# Task directions
From the line containing "Then we need" down to the last line of the listing, quote everything word for word, and nothing else, keeping pictures out.

# Information provided
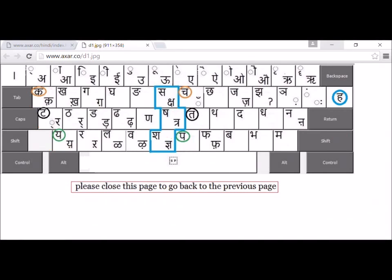Once you have clicked any key, for example ka, you can use matra to type ka, ki, ku, and so on. If you want to type the square characters, you can press Shift and then any of the square keys.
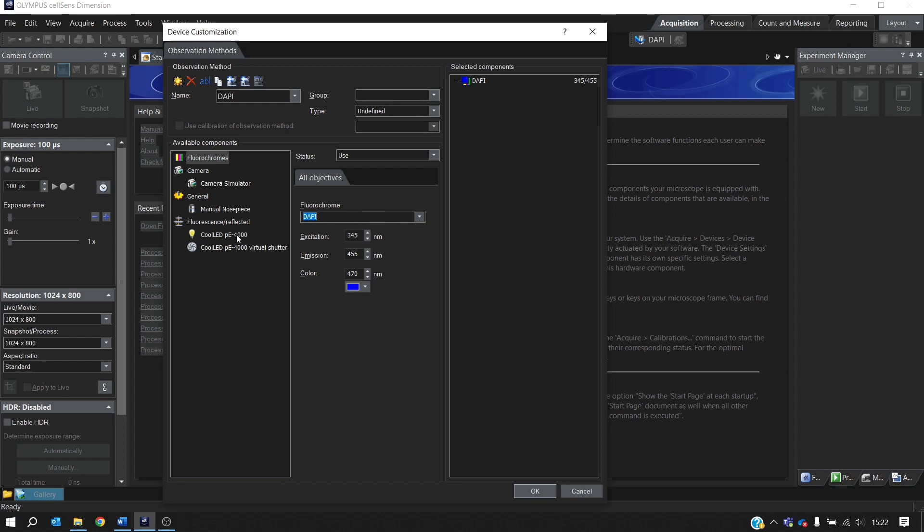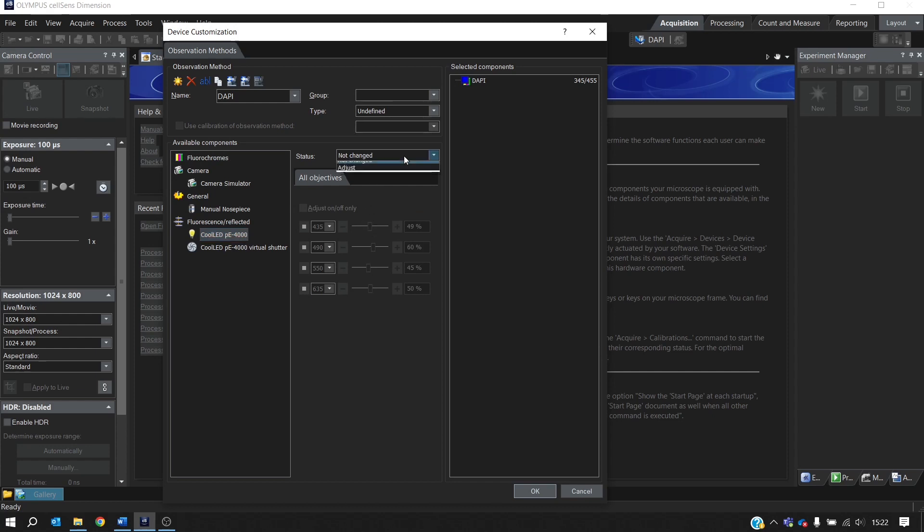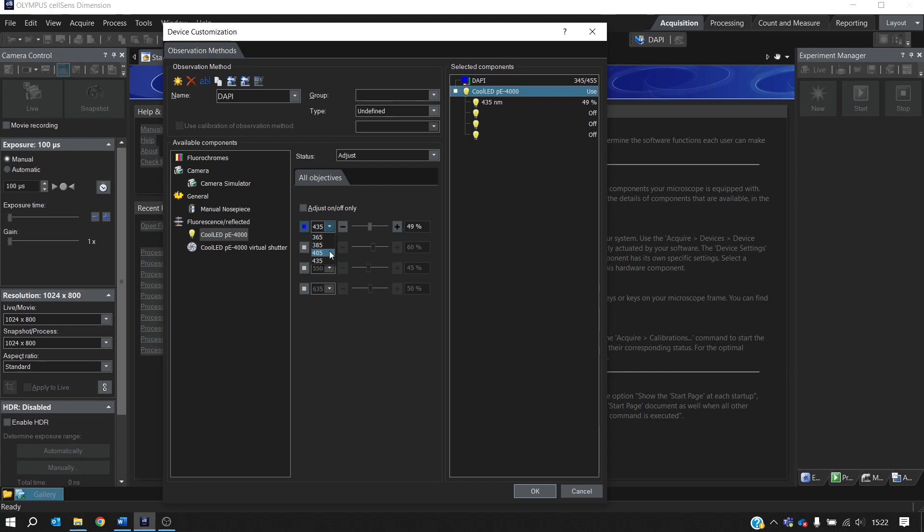Then we need to select the LED. And we'll change the status from Not Changed to Adjust. Then we want to select the first channel and the 405nm LED. And we'll just reduce the intensity.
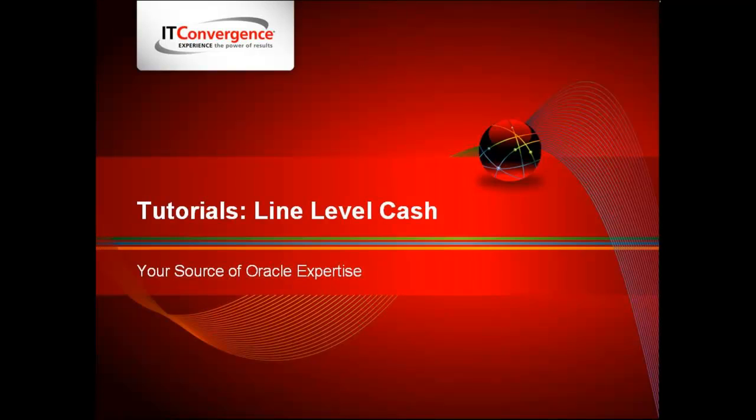Hi, my name is Garrett Faircloth and I would like to talk to you about how to use the Line Level Cash application, one of the new features in Oracle R12 financials.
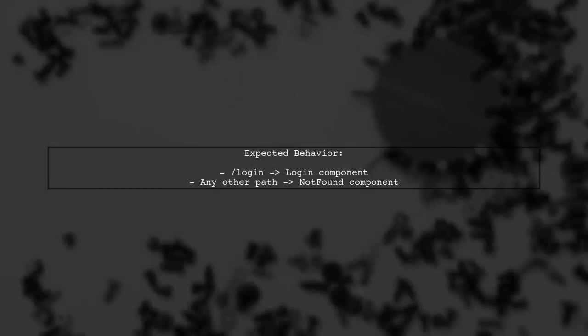Now, when you navigate to the slash login path, only the login component will be displayed. Any undefined routes will correctly show the not found component.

# Result
Then we need to select the LED. And we'll change the status from Not Changed to Adjust. Then we want to select the first channel and the 405nm LED. And we'll just reduce the intensity.
Hi, my name is Garrett Faircloth and I would like to talk to you about how to use the Line Level Cash application, one of the new features in Oracle R12 financials.
Now, when you navigate to the slash login path, only the login component will be displayed. Any undefined routes will correctly show the not found component.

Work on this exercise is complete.